• The problem
Below are the records; give again exactly the lines from the one containing "科斯塔康科迪亚豪华邮轮SU模型下载_sketchup草图大师SKP模型" through the one containing "Orange Days Orange Car Sun Shade 55", leaving out pictures.

• Listed records
┌──

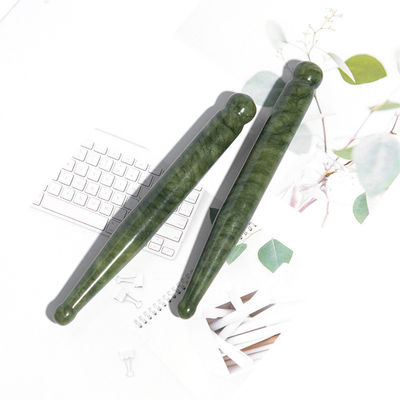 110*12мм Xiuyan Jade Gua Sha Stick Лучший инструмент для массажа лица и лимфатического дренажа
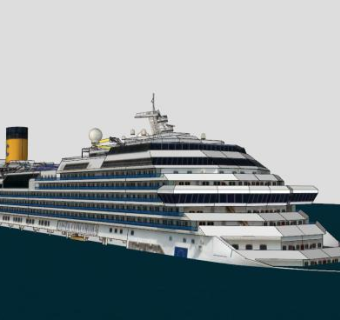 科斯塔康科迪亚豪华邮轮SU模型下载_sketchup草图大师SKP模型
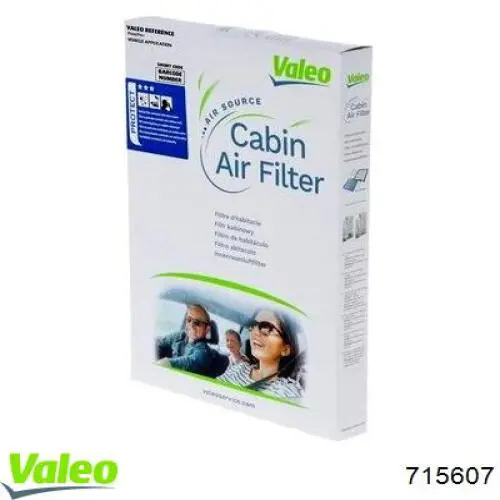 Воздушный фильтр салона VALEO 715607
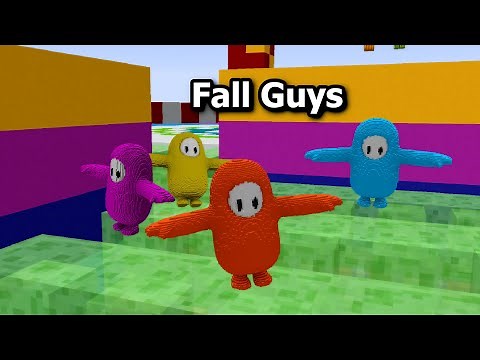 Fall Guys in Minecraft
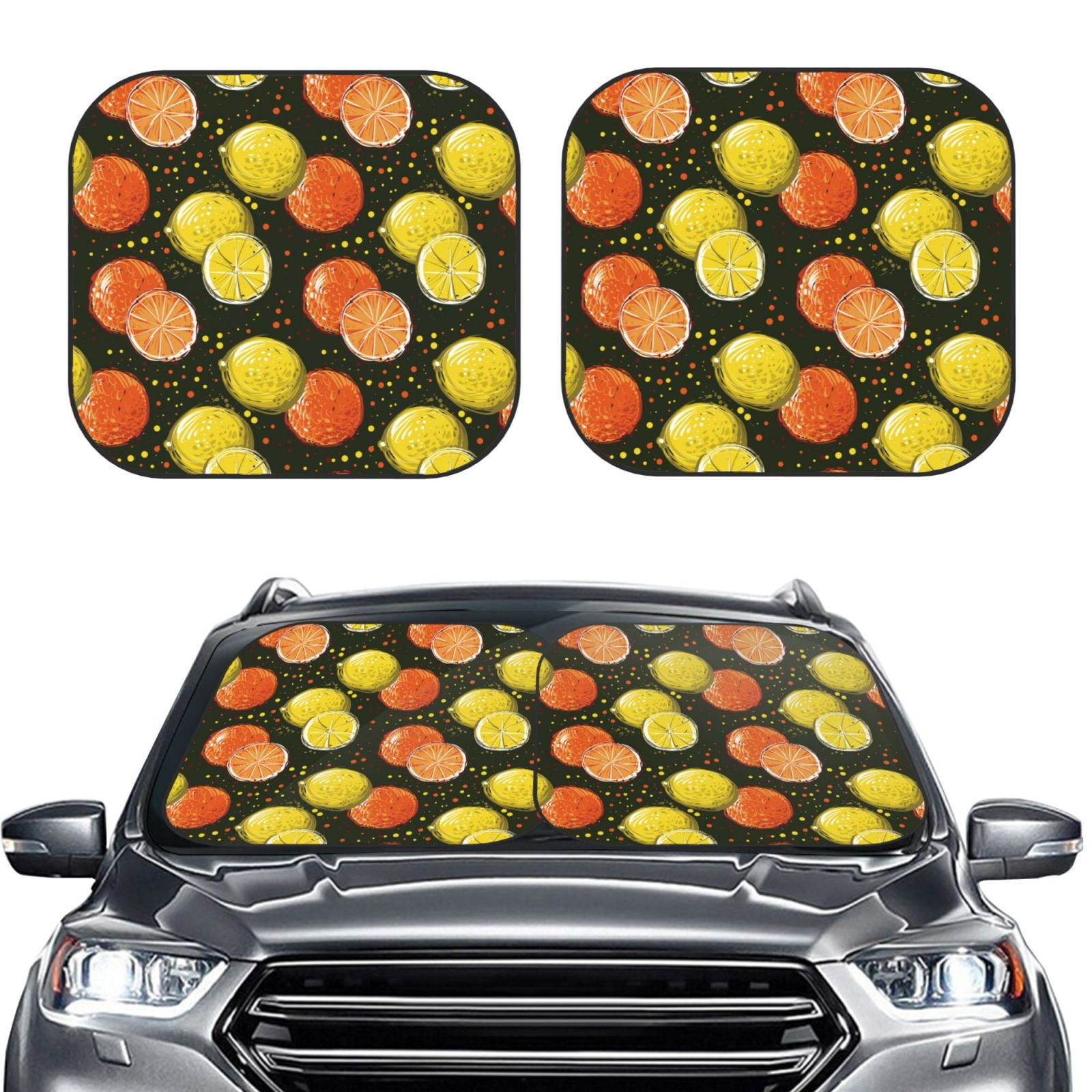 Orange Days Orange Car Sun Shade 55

└──
┌──

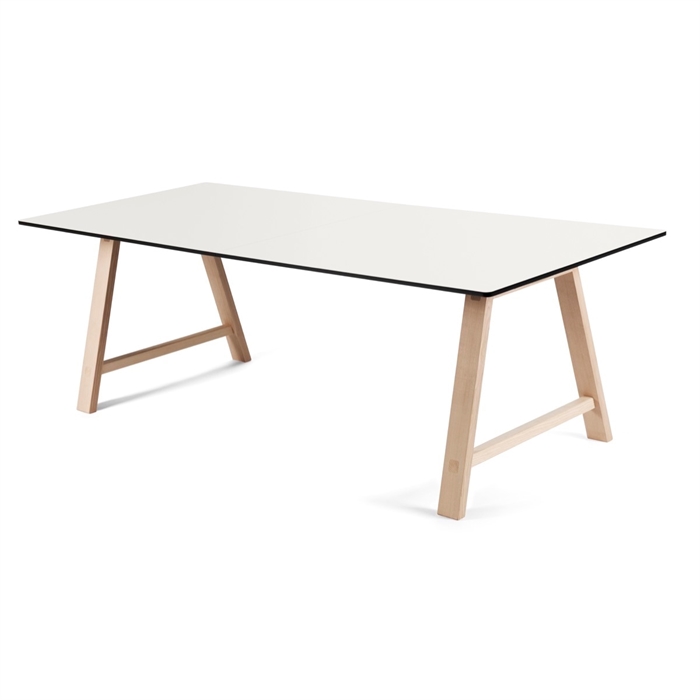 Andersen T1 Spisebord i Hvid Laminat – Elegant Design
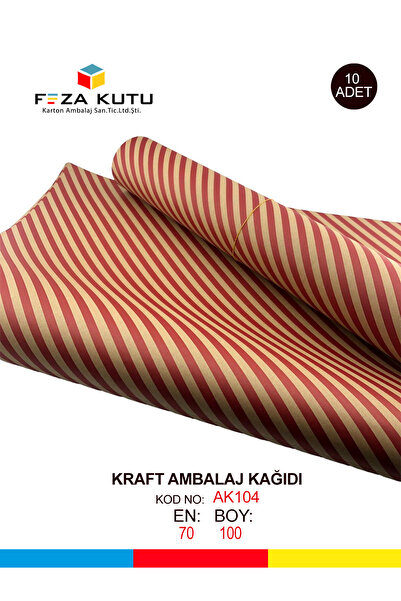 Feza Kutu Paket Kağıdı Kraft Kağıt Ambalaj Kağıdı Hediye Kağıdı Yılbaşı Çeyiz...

└──

• Written reply
 科斯塔康科迪亚豪华邮轮SU模型下载_sketchup草图大师SKP模型
 Воздушный фильтр салона VALEO 715607
 Fall Guys in Minecraft
 Orange Days Orange Car Sun Shade 55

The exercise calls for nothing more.